This past New Year's Eve, any impulse I had to ring in 2012 on a high note was drowned out by alarm bells from Uncle Sam. On that day, my wife and I received separate eight-page letters from the Internal Revenue Service informing us that we were being audited for the 2009 tax year. It was, to say the least, no cause for breaking out champagne and noisemakers. In fact, it seemed like a cruel twist: 2009 was the year I was laid off by The Chicago Tribune after 16 years of full-time employment. I then entered the freelance ranks, where I've remained ever since.
Honest taxpayers hit with IRS audits will ask themselves, "Why?" This freelance journalist is asking the same thing – and the "why" comes with an itch to dig for answers to share with readers. I suspected my story would fit into a larger narrative about who gets audited. So I read up, watched some videos, and talked to tax experts. I also called the IRS media office; when I described my story, one good-natured spokesman joked that he couldn't help with my audit, just audits in general. Ha ha.
Here's what I learned: Self-employed people and freelancers get audited more – a lot more, it turns out – but there are good reasons for this.
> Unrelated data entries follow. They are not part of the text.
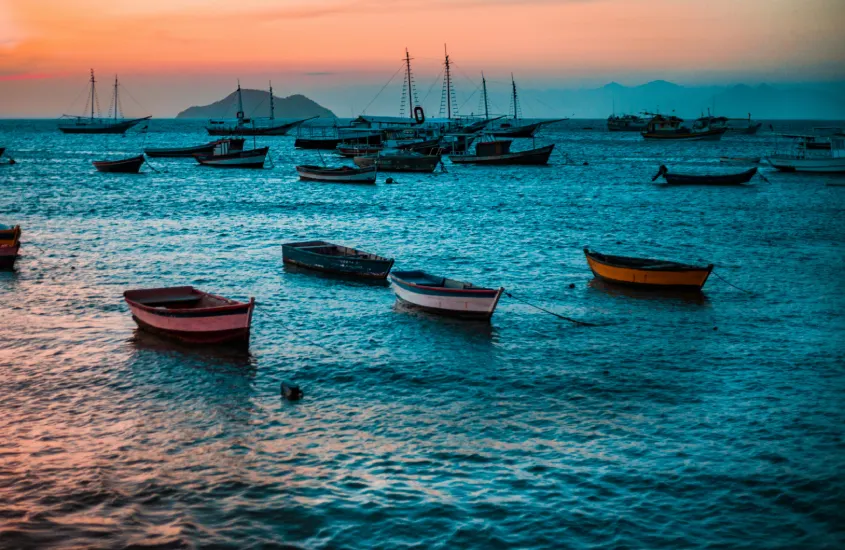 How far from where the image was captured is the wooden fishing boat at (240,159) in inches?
3661

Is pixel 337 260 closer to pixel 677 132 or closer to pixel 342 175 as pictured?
pixel 342 175

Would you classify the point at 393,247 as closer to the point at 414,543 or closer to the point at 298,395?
the point at 298,395

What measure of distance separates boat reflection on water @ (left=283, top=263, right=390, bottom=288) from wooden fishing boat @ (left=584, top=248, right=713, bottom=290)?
334 inches

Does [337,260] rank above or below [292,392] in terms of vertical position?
above

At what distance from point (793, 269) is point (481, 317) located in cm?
1744

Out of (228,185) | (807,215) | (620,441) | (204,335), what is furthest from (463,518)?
(228,185)

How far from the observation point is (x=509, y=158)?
98.5 metres

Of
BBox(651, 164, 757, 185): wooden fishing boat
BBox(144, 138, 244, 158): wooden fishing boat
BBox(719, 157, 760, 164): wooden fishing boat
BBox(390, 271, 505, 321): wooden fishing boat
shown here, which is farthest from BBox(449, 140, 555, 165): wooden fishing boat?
BBox(390, 271, 505, 321): wooden fishing boat

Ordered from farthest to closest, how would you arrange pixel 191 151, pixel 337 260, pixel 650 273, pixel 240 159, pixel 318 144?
pixel 318 144, pixel 191 151, pixel 240 159, pixel 337 260, pixel 650 273

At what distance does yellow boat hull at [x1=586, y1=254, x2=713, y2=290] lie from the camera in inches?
1148

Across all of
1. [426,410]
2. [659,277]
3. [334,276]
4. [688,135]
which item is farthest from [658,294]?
[688,135]

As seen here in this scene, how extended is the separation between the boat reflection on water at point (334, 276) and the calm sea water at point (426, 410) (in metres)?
0.31

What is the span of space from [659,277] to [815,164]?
63928 mm

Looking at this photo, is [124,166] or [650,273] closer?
[650,273] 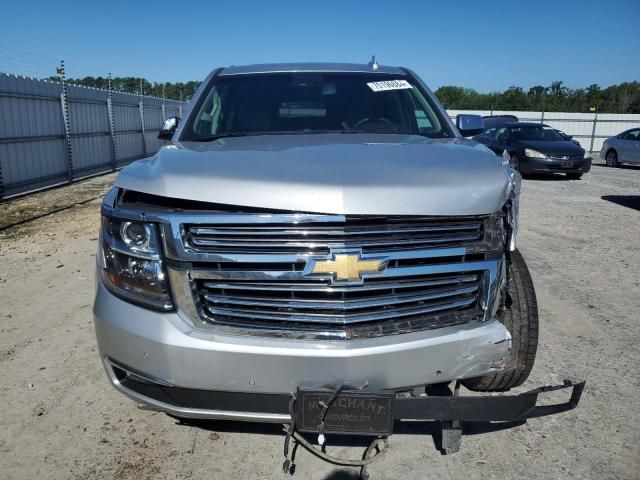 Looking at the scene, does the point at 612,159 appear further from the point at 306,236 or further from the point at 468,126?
the point at 306,236

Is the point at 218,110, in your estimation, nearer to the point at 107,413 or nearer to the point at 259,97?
the point at 259,97

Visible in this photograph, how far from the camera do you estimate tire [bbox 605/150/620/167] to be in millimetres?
19031

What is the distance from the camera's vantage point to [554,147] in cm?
1380

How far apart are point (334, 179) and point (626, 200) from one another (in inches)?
426

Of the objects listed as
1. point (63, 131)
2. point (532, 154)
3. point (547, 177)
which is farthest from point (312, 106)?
point (547, 177)

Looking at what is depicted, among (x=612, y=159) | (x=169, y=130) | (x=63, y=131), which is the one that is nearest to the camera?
(x=169, y=130)

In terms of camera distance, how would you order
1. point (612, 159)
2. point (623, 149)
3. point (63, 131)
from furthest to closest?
point (612, 159)
point (623, 149)
point (63, 131)

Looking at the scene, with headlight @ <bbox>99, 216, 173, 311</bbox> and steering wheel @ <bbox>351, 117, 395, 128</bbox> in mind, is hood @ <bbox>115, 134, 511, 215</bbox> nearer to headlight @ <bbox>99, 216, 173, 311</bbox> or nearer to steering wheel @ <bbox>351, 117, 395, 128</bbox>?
headlight @ <bbox>99, 216, 173, 311</bbox>

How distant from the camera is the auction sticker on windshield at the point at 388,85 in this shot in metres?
3.49

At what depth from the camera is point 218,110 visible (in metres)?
3.38

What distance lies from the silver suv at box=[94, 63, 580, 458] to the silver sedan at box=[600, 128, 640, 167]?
1896 centimetres

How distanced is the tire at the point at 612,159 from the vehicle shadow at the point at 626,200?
8.99 meters

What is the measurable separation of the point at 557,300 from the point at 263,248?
11.6 ft

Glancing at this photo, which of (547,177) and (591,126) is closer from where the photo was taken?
(547,177) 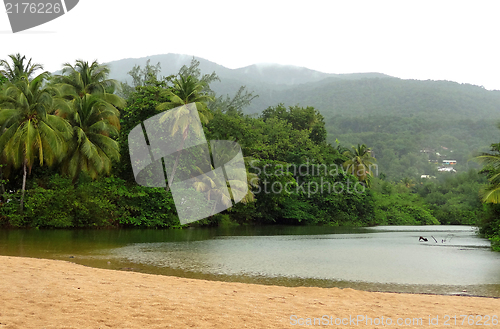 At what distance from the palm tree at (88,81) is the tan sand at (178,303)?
78.7 ft

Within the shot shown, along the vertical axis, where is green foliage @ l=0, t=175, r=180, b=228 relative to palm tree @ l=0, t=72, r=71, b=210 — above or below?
below

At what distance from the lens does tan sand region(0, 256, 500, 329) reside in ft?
17.3

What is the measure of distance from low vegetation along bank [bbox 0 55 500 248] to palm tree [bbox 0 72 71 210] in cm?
6

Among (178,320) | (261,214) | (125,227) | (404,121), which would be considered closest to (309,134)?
(261,214)

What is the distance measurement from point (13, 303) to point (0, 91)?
77.8 feet

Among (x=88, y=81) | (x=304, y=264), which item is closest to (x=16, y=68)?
(x=88, y=81)

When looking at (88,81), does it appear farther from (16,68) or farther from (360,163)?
(360,163)

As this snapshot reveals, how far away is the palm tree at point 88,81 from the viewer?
1239 inches

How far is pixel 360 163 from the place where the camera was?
2319 inches

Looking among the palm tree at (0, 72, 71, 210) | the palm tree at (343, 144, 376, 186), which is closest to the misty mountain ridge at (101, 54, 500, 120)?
the palm tree at (343, 144, 376, 186)

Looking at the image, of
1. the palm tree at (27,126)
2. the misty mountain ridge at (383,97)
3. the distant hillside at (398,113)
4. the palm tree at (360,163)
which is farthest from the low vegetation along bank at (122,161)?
the misty mountain ridge at (383,97)

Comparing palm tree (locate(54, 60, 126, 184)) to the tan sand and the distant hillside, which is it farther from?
the distant hillside

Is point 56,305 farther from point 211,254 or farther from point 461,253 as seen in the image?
point 461,253

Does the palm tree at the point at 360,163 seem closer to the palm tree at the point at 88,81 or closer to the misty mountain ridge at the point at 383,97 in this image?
the palm tree at the point at 88,81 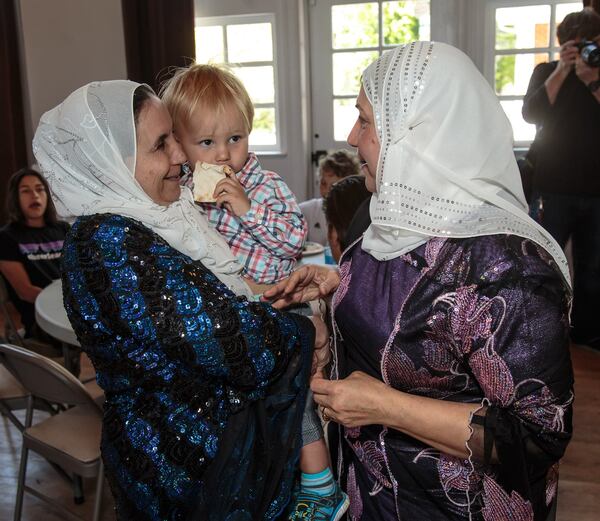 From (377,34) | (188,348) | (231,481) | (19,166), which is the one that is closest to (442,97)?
(188,348)

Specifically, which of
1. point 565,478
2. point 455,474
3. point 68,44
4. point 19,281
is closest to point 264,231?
point 455,474

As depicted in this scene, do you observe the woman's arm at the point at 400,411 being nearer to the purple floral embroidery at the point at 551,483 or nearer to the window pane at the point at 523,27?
the purple floral embroidery at the point at 551,483

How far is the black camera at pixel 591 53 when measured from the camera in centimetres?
324

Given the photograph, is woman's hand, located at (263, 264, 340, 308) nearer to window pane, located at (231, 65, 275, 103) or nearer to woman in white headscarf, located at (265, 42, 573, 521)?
woman in white headscarf, located at (265, 42, 573, 521)

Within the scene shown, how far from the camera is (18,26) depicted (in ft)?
17.7

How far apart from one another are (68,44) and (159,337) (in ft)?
16.2

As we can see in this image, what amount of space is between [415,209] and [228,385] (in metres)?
0.49

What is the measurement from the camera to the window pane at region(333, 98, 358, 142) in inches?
209

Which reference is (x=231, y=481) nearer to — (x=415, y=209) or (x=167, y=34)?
(x=415, y=209)

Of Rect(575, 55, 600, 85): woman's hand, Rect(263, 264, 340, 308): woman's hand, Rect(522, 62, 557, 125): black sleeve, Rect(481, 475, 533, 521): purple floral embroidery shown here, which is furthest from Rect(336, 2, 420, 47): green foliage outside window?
Rect(481, 475, 533, 521): purple floral embroidery

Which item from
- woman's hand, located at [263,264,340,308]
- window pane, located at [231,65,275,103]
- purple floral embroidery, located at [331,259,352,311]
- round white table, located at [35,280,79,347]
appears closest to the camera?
purple floral embroidery, located at [331,259,352,311]

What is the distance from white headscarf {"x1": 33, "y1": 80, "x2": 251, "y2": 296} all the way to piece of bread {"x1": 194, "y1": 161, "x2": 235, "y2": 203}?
190 millimetres

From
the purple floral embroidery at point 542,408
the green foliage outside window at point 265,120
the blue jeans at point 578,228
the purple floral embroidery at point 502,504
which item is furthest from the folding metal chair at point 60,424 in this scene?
the green foliage outside window at point 265,120

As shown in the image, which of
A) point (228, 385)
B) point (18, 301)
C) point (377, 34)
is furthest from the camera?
point (377, 34) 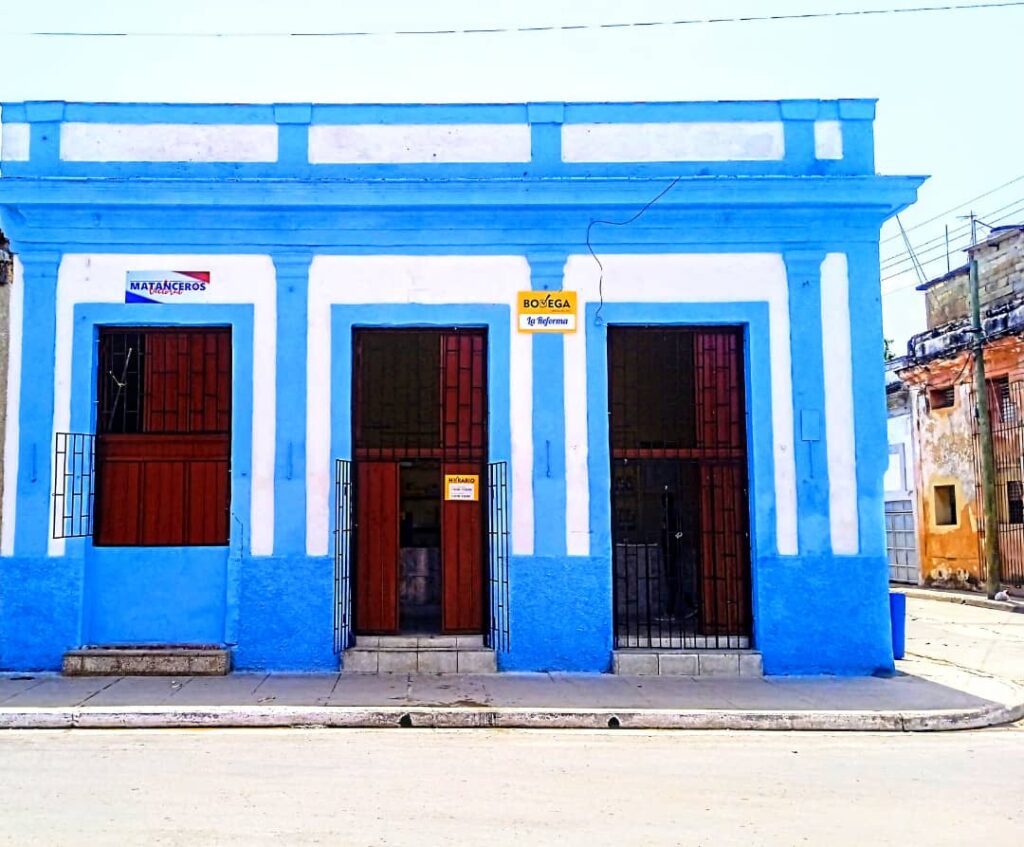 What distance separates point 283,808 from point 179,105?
7616 millimetres

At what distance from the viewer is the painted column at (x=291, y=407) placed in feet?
32.5

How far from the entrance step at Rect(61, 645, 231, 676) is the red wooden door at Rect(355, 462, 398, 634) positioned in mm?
1458

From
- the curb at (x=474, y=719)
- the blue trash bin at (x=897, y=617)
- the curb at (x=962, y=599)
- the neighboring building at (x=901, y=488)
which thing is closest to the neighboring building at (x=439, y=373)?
the blue trash bin at (x=897, y=617)

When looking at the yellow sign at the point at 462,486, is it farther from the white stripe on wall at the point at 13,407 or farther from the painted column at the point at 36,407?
the white stripe on wall at the point at 13,407

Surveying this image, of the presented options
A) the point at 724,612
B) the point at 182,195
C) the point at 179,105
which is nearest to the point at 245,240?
the point at 182,195

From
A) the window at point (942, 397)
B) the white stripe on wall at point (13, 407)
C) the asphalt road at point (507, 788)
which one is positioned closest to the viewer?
the asphalt road at point (507, 788)

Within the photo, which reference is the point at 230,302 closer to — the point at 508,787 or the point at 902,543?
the point at 508,787

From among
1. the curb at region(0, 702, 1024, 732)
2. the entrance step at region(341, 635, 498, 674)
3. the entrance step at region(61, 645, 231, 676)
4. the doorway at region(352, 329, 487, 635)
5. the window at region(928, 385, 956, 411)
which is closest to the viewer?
the curb at region(0, 702, 1024, 732)

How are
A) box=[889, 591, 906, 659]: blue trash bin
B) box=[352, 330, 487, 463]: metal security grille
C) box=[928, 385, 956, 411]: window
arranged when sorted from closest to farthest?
box=[352, 330, 487, 463]: metal security grille → box=[889, 591, 906, 659]: blue trash bin → box=[928, 385, 956, 411]: window

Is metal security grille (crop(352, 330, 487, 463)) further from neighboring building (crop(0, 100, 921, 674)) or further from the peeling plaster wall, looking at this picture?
the peeling plaster wall

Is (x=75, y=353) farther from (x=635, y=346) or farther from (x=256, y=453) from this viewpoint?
(x=635, y=346)

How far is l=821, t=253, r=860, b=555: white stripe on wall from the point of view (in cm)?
1007

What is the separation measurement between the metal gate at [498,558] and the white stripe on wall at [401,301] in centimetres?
10

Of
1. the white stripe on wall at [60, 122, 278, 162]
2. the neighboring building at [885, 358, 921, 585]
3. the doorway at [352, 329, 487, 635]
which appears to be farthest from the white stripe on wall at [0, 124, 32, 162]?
the neighboring building at [885, 358, 921, 585] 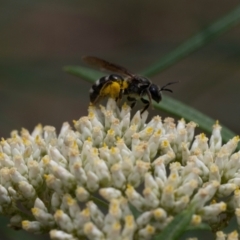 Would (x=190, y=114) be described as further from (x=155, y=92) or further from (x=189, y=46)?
(x=189, y=46)

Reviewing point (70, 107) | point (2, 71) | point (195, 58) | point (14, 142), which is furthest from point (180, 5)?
point (14, 142)

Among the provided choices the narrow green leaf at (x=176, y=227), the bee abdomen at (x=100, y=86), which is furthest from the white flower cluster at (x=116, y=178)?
the bee abdomen at (x=100, y=86)

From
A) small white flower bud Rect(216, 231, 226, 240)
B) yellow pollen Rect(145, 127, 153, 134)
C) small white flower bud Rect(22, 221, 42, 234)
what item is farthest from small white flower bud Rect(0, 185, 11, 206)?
small white flower bud Rect(216, 231, 226, 240)

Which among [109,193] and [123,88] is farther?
[123,88]

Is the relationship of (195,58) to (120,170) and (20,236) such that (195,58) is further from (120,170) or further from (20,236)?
(120,170)

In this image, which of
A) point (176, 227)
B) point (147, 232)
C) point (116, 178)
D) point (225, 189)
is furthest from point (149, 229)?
point (225, 189) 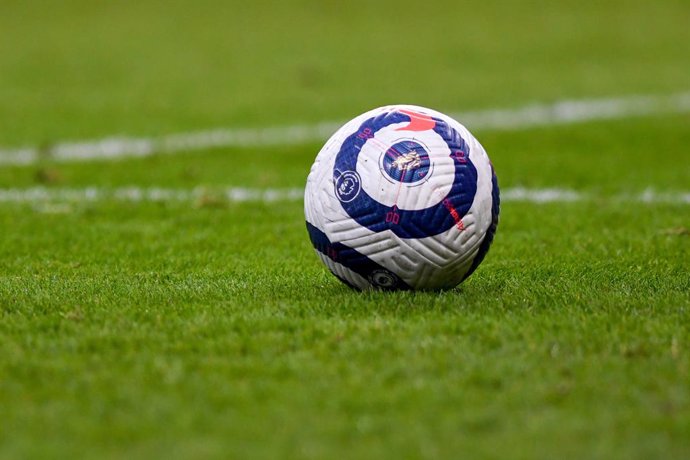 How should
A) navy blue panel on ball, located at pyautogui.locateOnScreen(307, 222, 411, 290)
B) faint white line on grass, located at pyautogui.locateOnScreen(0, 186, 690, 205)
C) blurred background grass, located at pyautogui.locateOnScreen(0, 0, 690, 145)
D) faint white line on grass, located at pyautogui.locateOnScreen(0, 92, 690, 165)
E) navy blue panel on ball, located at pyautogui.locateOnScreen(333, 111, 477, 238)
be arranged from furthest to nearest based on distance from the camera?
blurred background grass, located at pyautogui.locateOnScreen(0, 0, 690, 145)
faint white line on grass, located at pyautogui.locateOnScreen(0, 92, 690, 165)
faint white line on grass, located at pyautogui.locateOnScreen(0, 186, 690, 205)
navy blue panel on ball, located at pyautogui.locateOnScreen(307, 222, 411, 290)
navy blue panel on ball, located at pyautogui.locateOnScreen(333, 111, 477, 238)

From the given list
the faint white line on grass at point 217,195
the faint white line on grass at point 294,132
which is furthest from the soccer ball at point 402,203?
the faint white line on grass at point 294,132

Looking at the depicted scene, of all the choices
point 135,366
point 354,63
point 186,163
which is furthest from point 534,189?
point 354,63

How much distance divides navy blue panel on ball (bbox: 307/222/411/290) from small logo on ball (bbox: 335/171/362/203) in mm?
212

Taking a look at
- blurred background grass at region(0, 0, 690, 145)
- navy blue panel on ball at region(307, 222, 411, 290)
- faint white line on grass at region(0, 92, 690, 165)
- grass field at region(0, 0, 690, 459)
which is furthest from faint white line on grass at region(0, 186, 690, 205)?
navy blue panel on ball at region(307, 222, 411, 290)

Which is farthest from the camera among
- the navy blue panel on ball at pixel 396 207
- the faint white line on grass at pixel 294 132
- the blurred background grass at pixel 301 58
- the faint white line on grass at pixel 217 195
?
the blurred background grass at pixel 301 58

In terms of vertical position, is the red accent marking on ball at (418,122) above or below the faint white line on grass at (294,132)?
above

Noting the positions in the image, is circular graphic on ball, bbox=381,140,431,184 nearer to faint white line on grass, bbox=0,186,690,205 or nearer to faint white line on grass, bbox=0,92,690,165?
faint white line on grass, bbox=0,186,690,205

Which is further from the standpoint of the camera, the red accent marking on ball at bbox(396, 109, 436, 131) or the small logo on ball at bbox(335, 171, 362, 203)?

In 2008, my last year of full-time employment for a company, 26 percent of employees listed themselves as free agents, according to the Kelly Services 2011 Free Agent Survey. (Free agents are individuals who consult, perform temporary, freelance or contract work, or have their own business.) Since then, their numbers have exploded, with more than four out of 10 employees in the free-agent pool.
Experts say that with more free agents than ever, the I.R.S. wants to take a close look at the growing numbers and make sure they're doing their taxes correctly.
Small Businesses Are Targets
In 2010, 23 million taxpayers filed a Schedule C, which sole proprietors (such as freelance journalists) use to report profit or loss on an unincorporated business. "If you go to the actual IRS statistics, the chances of a Schedule C being audited are twice as great as a corporation being audited," says Keith Hall, a tax adviser for the National Association for the Self-Employed in Washington, D.C.
Now, adjust those figures to exclude small businesses under $25,000 in gross receipts, and here's what you'll find: Roughly 3 percent of small businesses under Schedule C get audited, compared to 1 percent of corporations.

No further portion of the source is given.